Discipline universitaire, fille des sciences cognitives, les Critical Thinking Skills (ou compétences d’analyse critique) ont été évaluées scientifiquement et leur efficacité reconnue, pourtant elles ont aussi leurs limites…que l’on peut repousser.
Rappel : de la difficulté d’évaluer
Les évaluations qui rendent compte objectivement de la réalité d’une situation sont très rares ; elles laissent très souvent de nombreuses incertitudes. Cela est vrai de l’évaluation scolaire, de l’évaluation de l’intelligence ou de la personnalité, de l’évaluation de la performance d’un acteur économique, et même de l’évaluation de l’efficacité d’un médicament. Pourtant, il existe peu de secteur aussi évalué que la pharmacologie, ce qui n’empêche pas nombre de médicaments d’être retirés du marché chaque année en raison d’effets indésirables non détectés alors qu’ils avaient obtenu une autorisation en bonne et due forme, après avoir passé les longues, complexes et rigoureuses étapes d’homologation, sans compter toutes les années d’expérimentation en laboratoire.

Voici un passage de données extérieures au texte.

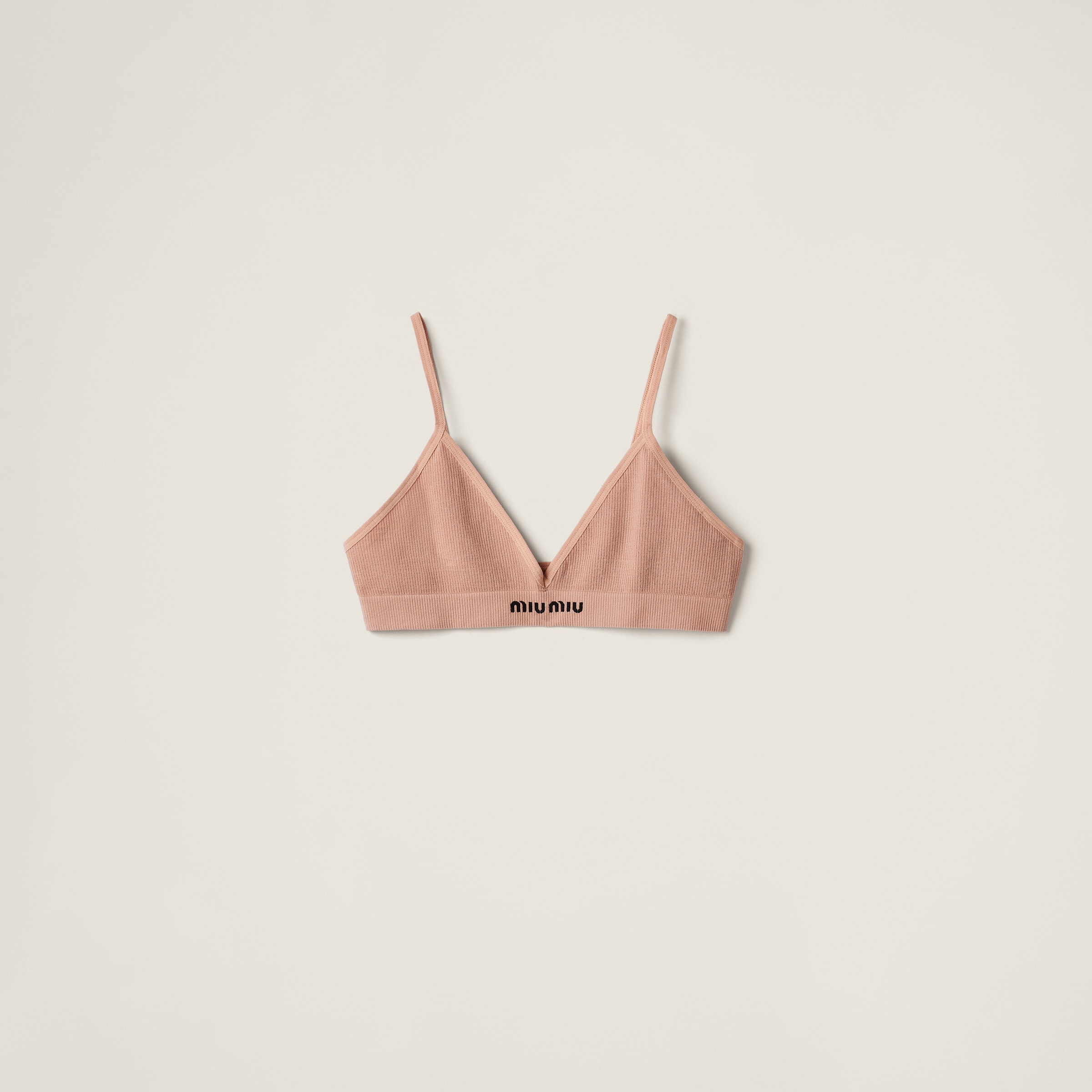 Miumiu Seamless Bra In Nude Beige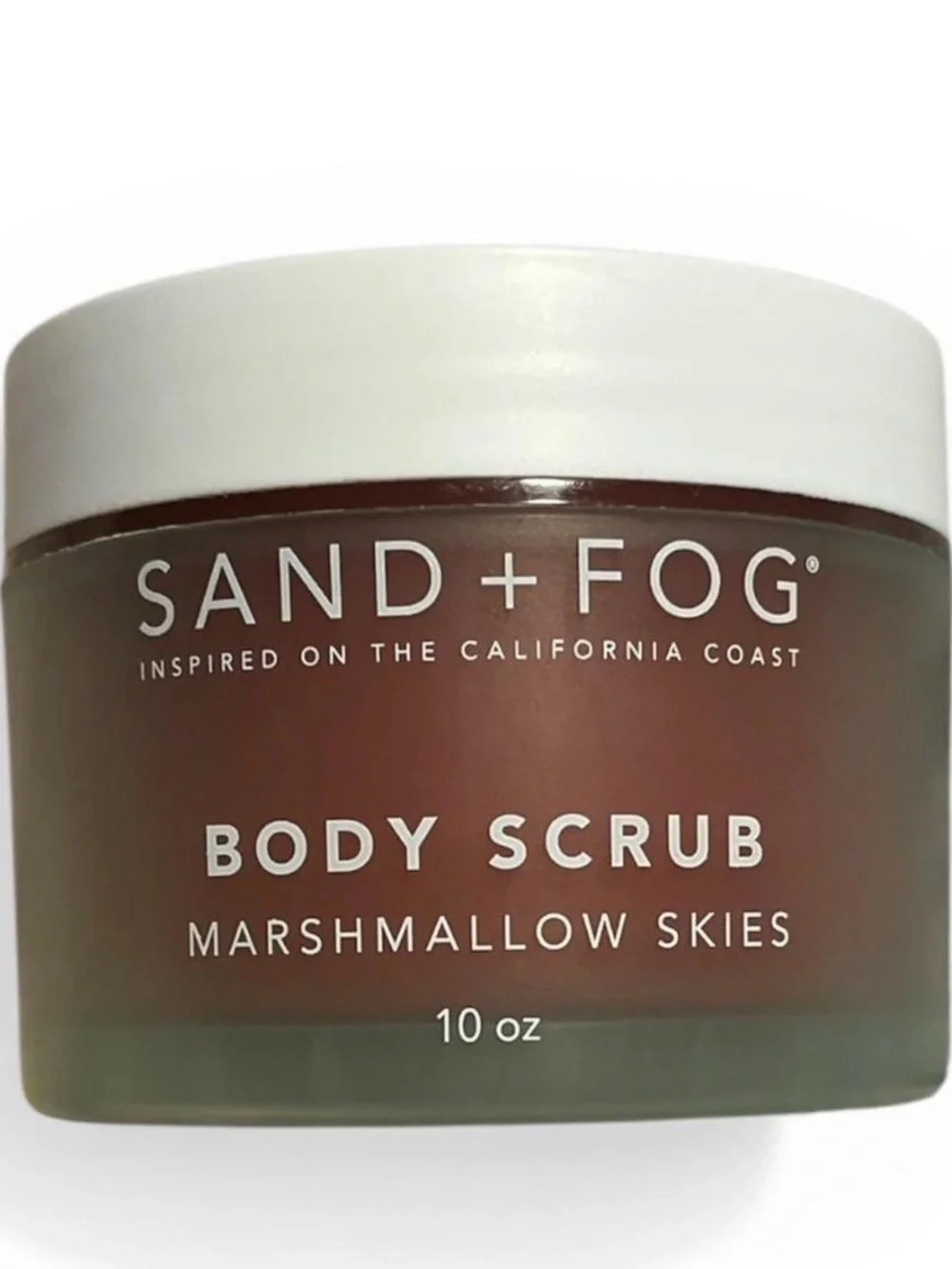 Sand + Fog Marshmallow Skies Body Scrub — White & Brown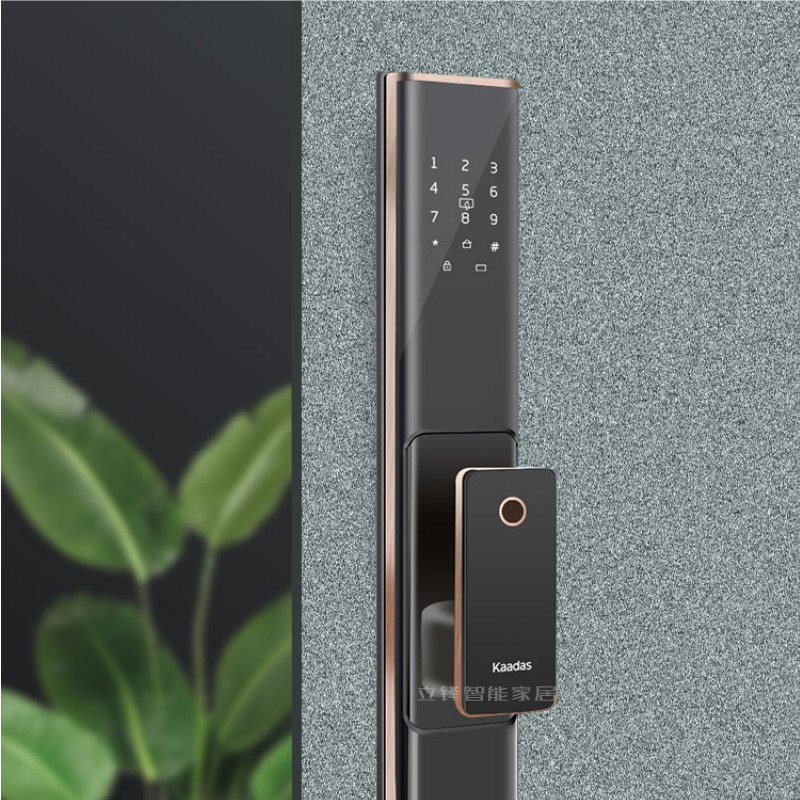 凯迪仕指纹锁k100推拉全自动蓝牙app密码ic卡防撬报警电子智能锁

Pour ce qui est de l’évaluation des Critical Thinking Skills, la première difficulté réside dans leur définition qui ne fait pas consensus, il faut souligner qu’elles rassemblent différents aspects de la cognition. Qu’est-ce qui doit être évalué ? Avec quels instruments ? Quelle méthodologie ? Dans quel but ? L’échantillon évalué est-il suffisamment large, randomisé ? Les évaluations ont-elles été reproduites à l’identique par d’autres équipes de chercheurs ? Ont-elles donné des résultats identiques ? Autant dire que les réponses à ces questions ne sont pas toujours convaincantes.
Par conséquent, et pour être très clair et synthétique, il existe assez peu d’évaluation sur l’efficacité des Critical Thinking Skills, certaines n’ont pas été effectuées selon des critères scientifiques rigoureux et ne sont pas valides, d’autres n’ont pas constaté leur efficacité, d’autres encore ont constaté leur efficacité.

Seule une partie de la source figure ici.